How to edit record in ember.js

I am very new to ember.js and also to this MVC thing. I am returning hard coded model from route. I want to edit records by click on edit button. I am calling an action from controller. How to return data from here and how to bind this in hbs.

@Syash could you be a little more specific and maybe post some of your code?

How to return data from here

What is “here”?

and how to bind this in hbs

And what is “this”?

Sorry if it was clear. Lets make it more clear. Suppose I have a view which lists all users subscribed to my application and it has an edit button against each record to update details of that user. When I click on edit i want to open a window(it may be a popup or a side panel) to edit the details in same view. How to achieve this with ember.js.

For simplicity I’d do it in a side pane/area. Popup or modals are a little weirder. You’ll probably want to use nested routes. A good rule of thumb is anytime you want to nest views you’ll want nested routes, and in this case you’ll have an index view which then renders the ‘details’ view into an outlet. Here is one of the tutorials that goes into detail, but basically your router should look something like this:

Router.map(function() {
  ...
  this.route('users', function() {
    this.route('detail', { path: '/:user_id' });
  });
});

This is a pretty cool tool for playing around with your route structure. So you essentially have two routes here: users and users.detail. You can generate these automatically (even the nested stuff) using the ember cli generators, that part should be pretty well documented. The users route is the parent route and that should fetch and render the list of users. It should also render an {{outlet}} which is where the nested template will be rendered. The users.detail route should take the id given to it via the URL dynamic segment and use it to look up the user for the ‘detail’ view.

Now you’ll want to define your routes. The users route (<project root>/app/routes/users.js) should look something like this:

export default Ember.Route.extend({
  model(params) {
    return this.get('store').findAll('user');
  }
});

This tells Ember Data that you want all users in your backend.

The users.detail route (<project root>/app/routes/users/detail.js) should look something like this:

export default Ember.Route.extend({
  model(params) {
    return this.get('store').findRecord('user', params.user_id);
  }
});

Which tells Ember Data that you want to fetch a single user record, by id, and the id us user_id from the dynamic segment in the URL which gets passed in as part of the params argument.

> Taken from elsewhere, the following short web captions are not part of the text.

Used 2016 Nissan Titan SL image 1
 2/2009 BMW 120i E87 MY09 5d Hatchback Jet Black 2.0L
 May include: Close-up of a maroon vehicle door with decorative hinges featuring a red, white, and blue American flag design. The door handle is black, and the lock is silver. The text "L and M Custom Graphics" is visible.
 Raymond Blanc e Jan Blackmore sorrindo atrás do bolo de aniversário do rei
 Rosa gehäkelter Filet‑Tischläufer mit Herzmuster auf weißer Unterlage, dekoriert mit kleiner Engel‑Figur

So now it’s time for the templates. The template files should be in the exact same relative locations as their respective routes, but in /app/templates instead of /app/routes. The key points here are that in the parent users template you want to render the list of users somehow (could be ul, table, etc) using the {{#each model as |user|}} helper. Each of these items should probably use the {{#link-to 'users.detail' user.id}} helper. So you’d end up with something like this:

{{#each model as |user|}}
  <li> {{!-- or td or whatever you want to use --}}
  {{#link-to 'users.detail' user.id}}{{user.name}}{{/link-to}}
  </li>
{{/each}}

This is essentially saying “for every user in my model, render a link to the child route, pass the child route id, and for the link text render the actual user name”. Somewhere (probably below) that you’ll want to make sure you include an {{outlet}} so Ember knows where to render the child view.

Then in the /app/templates/users/detail.hbs template you’ll want to render the user details in a table or form or however you want to do it. Since the user data is in your model, each field will be available from {{model.name}} etc. If you want to refer to them as {{user.name}} instead you could add an alias on your controller with user: Ember.computed.alias('model').

Anyway for starters you’ll probably want to use the two way bound helpers like {{input}} and bind directly to the model properties. Then when you edit these fields it will edit the model directly, making the model “dirty”. To save a dirty model you’ll probably just want a button in your form that has an action called “saveModel” or something. The action (on your controller to start with) should simply do this.get('model').save();. That will persist the “dirty” edits to the backend.

Then you could refactor your users.detail template to a component, maybe use one way DDAU bindings on your editing fields, etc. But all that in time. Obviously if you have any more specific questions feel free to ask on this board or in the slack community, but I would also make sure you read over the tutorials and other guides. They can be a little anemic on some points but they should help you a lot with the fundamentals.